Okej, skończyłem bb, całkiem spoko gra, mocne 8/10. Absolutnie cudownie było zwiedzać lokacje, w których grała jakaś muzyka, strasznie dobrze budowało to klimat, Yahar'gul i Górny rewir katedralny były przez to super, oby więcej tego w przyszłości. Generalnie dałbym 9/10, ale jakaś połowa bossów w grze to rozczarowanie, a dla mnie to najważniejszy aspekt tych gier. #bloodborne #ps4
@dizzydom: Ja przechodziłem dlc na poziomie 80-85 i też przestałem lvlować, bo się czułem za mocny, dopiero kos mi sprawił problemy ( ͡°ʖ̯͡°) Zwykłe ng of kors
@Blond_Ortograficzny: ja dodatek odpaliłem po zakończeniu gry i powiem szczerze że było wymagająco, szczególnie z bestia Ludwiga. Boss w wieży był bardzo przyjemny, ale na sierotę to nie mam słów :|
@dizzydom: Ja odpaliłem przed samym końcem, bo mi się nie chciało przechodzić specjalnie taki kawałek. Z sierotą też sobie nie mogłem poradzić, póki nie zmieniłem broni na Wirującą Piłę, bardzo polecam (⌐͡■͜ʖ͡■)

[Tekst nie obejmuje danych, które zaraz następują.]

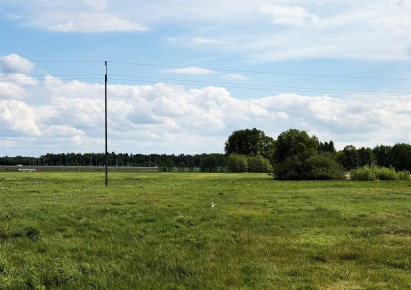 działka na sprzedaż - Złoczew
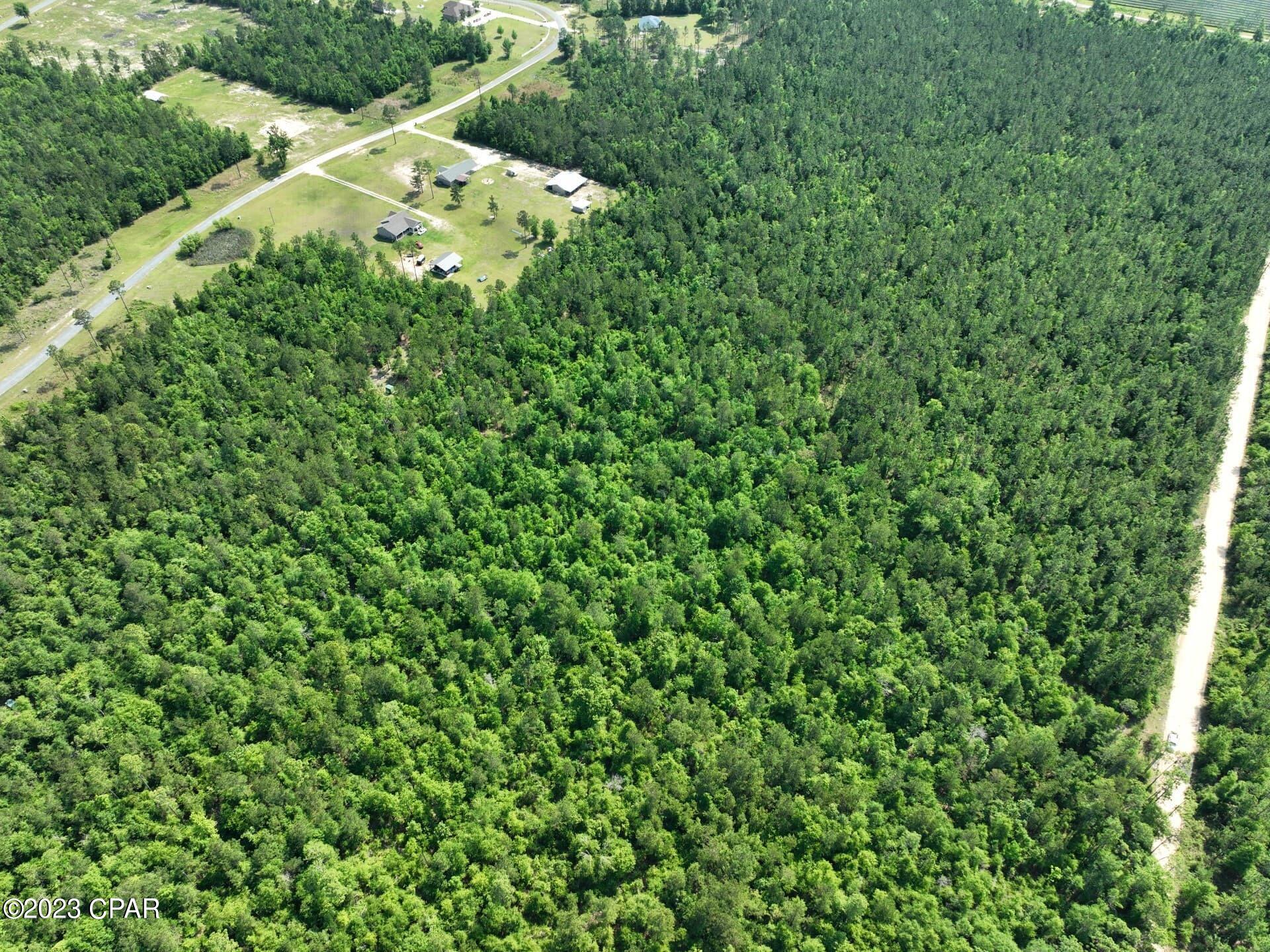 Blue Springs Plantation - Land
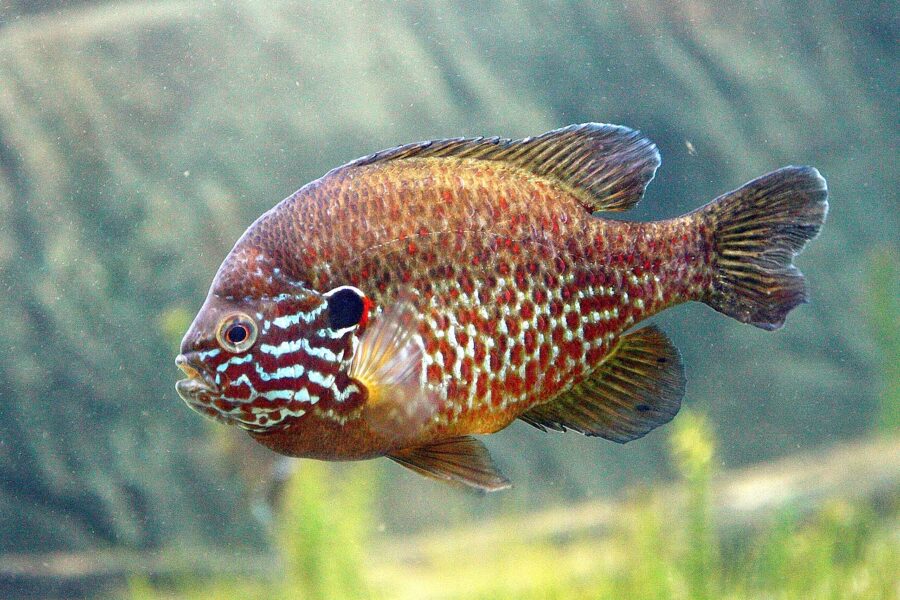 Pumpkinseed Sunfish (Lepomis gibbosus)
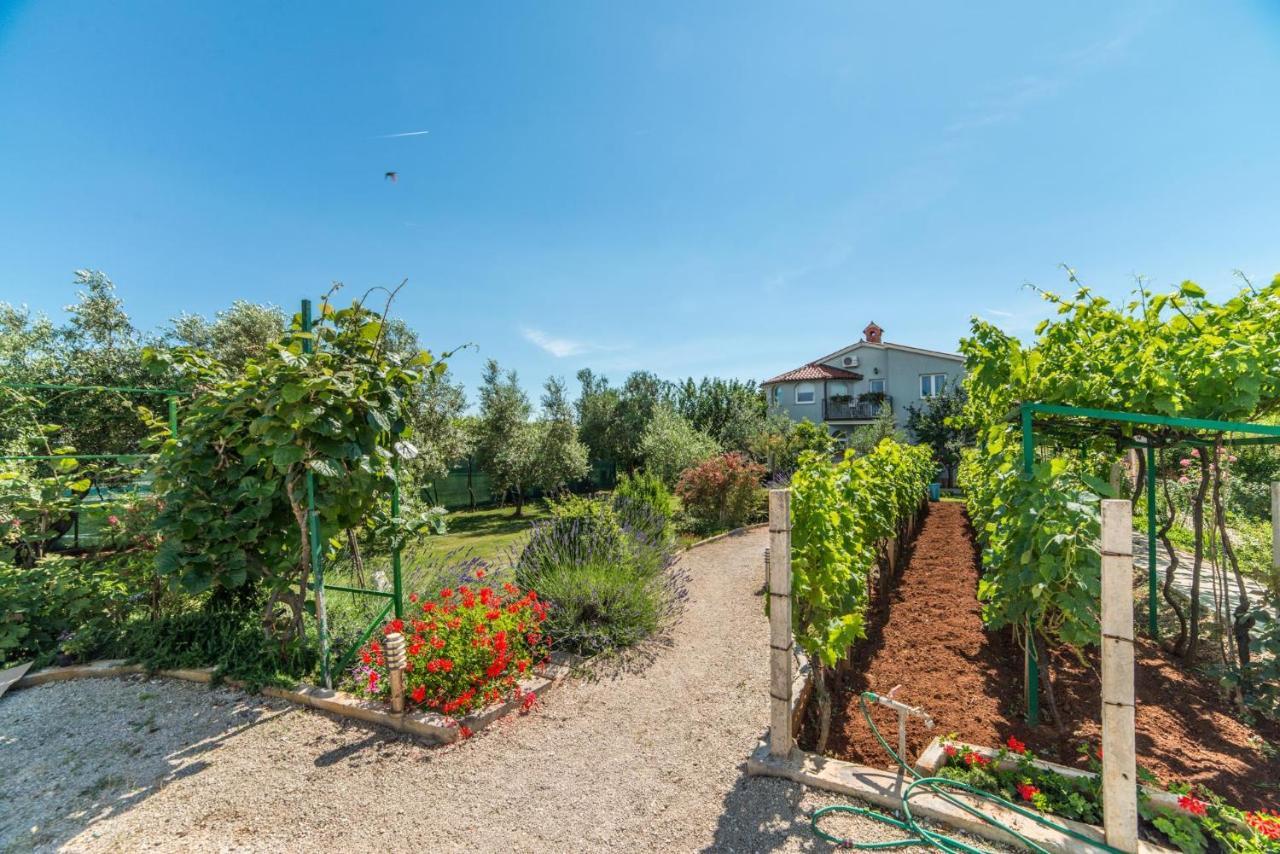 Apartments Durda Fažana Εξωτερικό φωτογραφία
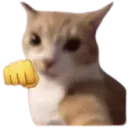 cat_punch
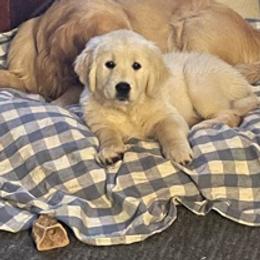 Golden Retriever Puppies from Kaczara Farm Goldens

@Blond_Ortograficzny: @dizzydom: rozrpuwacz to moja ulubiona bron, fajna jest tez wlocznia karabinowa, gwintowana laska i jej wieksza odmiana, ktorej nazwy nie pamietam. co do bossow to juz od demons souls ta seria nie stawiala na efekciarstwo dla efekciarstwa. obok bossow o fantazyjnym projektach i wielkich rozmiarach byli bossowie o ludzkich postaciach. niektore walki polegaly bardziej na odnalezieniu ukrytej taktyki niz na czystym ataku i unikach. takimi bossami sa na przyklad
@Vigorowicz: No i te niektóre walki przez większość ludzi są uważane za najgorszych bossów w grach, Micolas to w ogóle powinien jakąś nagrodę tego typu dostać za taki gówniany pomysł. Dla mnie jeszcze paarl i amygdala są słabi, bo nic nie widać podczas walki. A Mergo, Obecność Księżyca, Rom, odrodzony, cienie z yarhnam byli zwyczajnie banalni do pokonania, powiedziałbym nawet, że czułem się, jakbym walczył ze zwykłym przeciwnikiem, niż z bossem.